Even though the plaintiff claimed that the accounting possessed no material factual information that had not been provided to the defendant, and subsequently amended his witness list by adding another accounting expert who would testify at trial. Defendant argued that he needed to depose plaintiff’s non-testifying accounting expert because the defendant had no other way to calculate the potential damages. Apparently persuaded by these arguments, the trial court ordered the non-testify accounting expert be deposed—but only as a non-expert fact witness. At the deposition, however, the defendant’s attorney asked several questions that likely fell under the work product or accountant-client privilege, including the methods and calculations of the damages the expert had formulated based on the plaintiff’s information. Plaintiff’s attorney instructed the expert not to answer these questions, and the defendants ended the deposition. The defendant then filed motions to compel the expert’s deposition testimony and requiring plaintiff’s attorney to show cause why he shouldn’t be held in contempt for refusing to comply with the earlier order requiring the expert’s deposition. The trial court granted both motions, and the appeal followed based on Florida Rule of Civil Procedure 1.280. It says that:
A party may discover facts known or opinions held by an expert who has been retained or specially employed by another party in anticipation of litigation or preparation for trial and who is not expected to be called as a witness at trial, only as provided in rule 1.360(b) or upon a showing of exceptional circumstances under which it is impracticable for the party seeking discovery to obtain facts or opinions on the same subject by other means.

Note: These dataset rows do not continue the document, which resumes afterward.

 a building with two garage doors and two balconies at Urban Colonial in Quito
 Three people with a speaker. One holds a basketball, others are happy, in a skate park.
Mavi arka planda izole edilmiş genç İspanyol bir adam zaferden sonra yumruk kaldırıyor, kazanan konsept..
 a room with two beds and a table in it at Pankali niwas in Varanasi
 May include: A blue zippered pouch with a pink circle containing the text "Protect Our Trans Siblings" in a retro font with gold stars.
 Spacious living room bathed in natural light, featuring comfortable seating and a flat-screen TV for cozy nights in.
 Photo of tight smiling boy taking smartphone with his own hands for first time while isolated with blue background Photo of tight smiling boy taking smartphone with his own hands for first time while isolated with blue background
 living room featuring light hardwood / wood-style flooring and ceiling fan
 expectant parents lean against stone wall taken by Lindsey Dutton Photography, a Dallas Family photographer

Judge Rothenberg wrote that the protection provided by Rule 1.280(b)(5)(B) applied to experts initially disclosed as testifying witnesses that were later withdrawn, as in the case of the non-testifying accounting expert. In these circumstances, where an expert has been specially employed in preparation of litigation but is not to be called as a witness at trial, the facts known or opinions by the expert are said to be work product. This information can only be discovered, the judge wrote, by a showing of exceptional circumstances, as is required by Rule 1.280.
Judge Rothenberg explained that the plaintiff’s accounting expert was “precisely the type of expert protected by rule 1.280.”

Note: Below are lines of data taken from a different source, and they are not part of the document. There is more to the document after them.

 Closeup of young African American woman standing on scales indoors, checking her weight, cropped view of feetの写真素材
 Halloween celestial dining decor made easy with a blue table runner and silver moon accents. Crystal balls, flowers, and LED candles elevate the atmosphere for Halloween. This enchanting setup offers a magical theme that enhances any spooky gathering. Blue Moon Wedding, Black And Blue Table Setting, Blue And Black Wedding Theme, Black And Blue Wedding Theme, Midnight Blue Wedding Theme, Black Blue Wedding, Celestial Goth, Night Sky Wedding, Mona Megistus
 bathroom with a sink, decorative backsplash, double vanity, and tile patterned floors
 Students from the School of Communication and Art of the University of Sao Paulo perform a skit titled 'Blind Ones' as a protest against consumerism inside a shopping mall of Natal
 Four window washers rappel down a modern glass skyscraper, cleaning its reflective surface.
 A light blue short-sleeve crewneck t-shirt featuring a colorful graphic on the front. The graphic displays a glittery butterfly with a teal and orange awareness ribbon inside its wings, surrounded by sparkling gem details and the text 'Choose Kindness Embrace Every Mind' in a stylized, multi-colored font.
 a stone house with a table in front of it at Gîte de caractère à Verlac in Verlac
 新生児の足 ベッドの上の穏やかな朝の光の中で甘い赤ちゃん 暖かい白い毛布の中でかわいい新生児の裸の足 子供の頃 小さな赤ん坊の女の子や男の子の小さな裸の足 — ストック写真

(i) He was hired to examine the data and provide his expert opinion based only on the information that he was given by the plaintiff;
(ii) He was without any personal knowledge of the underlying facts of the case other than those provided to him by the plaintiff or his attorney; and
(iii) He was withdrawn as a testifying witness.

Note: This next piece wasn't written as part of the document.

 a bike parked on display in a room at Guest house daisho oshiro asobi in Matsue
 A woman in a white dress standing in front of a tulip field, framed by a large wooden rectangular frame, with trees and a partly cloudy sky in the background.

Based on these facts, Judge Rothenberg held that the plaintiff’s expert couldn’t properly be classified as a fact witness, and could only be deposed with a showing of exceptional circumstances where the defendant was unable to obtain similar information by alternative means. The appellate court held that the defendant had not done this. The defendant hired his own expert witness and was given access to the plaintiff’s designated trial expert accountant.
The Court of Appeals stated that, in the event that the trial court determined: (a) The non-testifying expert had pertinent factual information unrelated to what was disclosed to him by the plaintiff or his attorneys or otherwise protected by privilege; or (b) exceptional circumstances apply because the defendant was unable to acquire relevant information by any other means, it can order his deposition for those limited purposes according to Rule 1.280(b)(5)(B). There was no such showing here, and Judge Rothenberg quashed the orders requiring the expert’s deposition and requiring the plaintiff to show cause why he should not be held in contempt of court depart from the essential requirements of law.
Rocca v. Rones, 125 So.3d 370, 38 Fla. L. Weekly D2378 (Fla.App. 3 Dist. Nov. 13, 2013).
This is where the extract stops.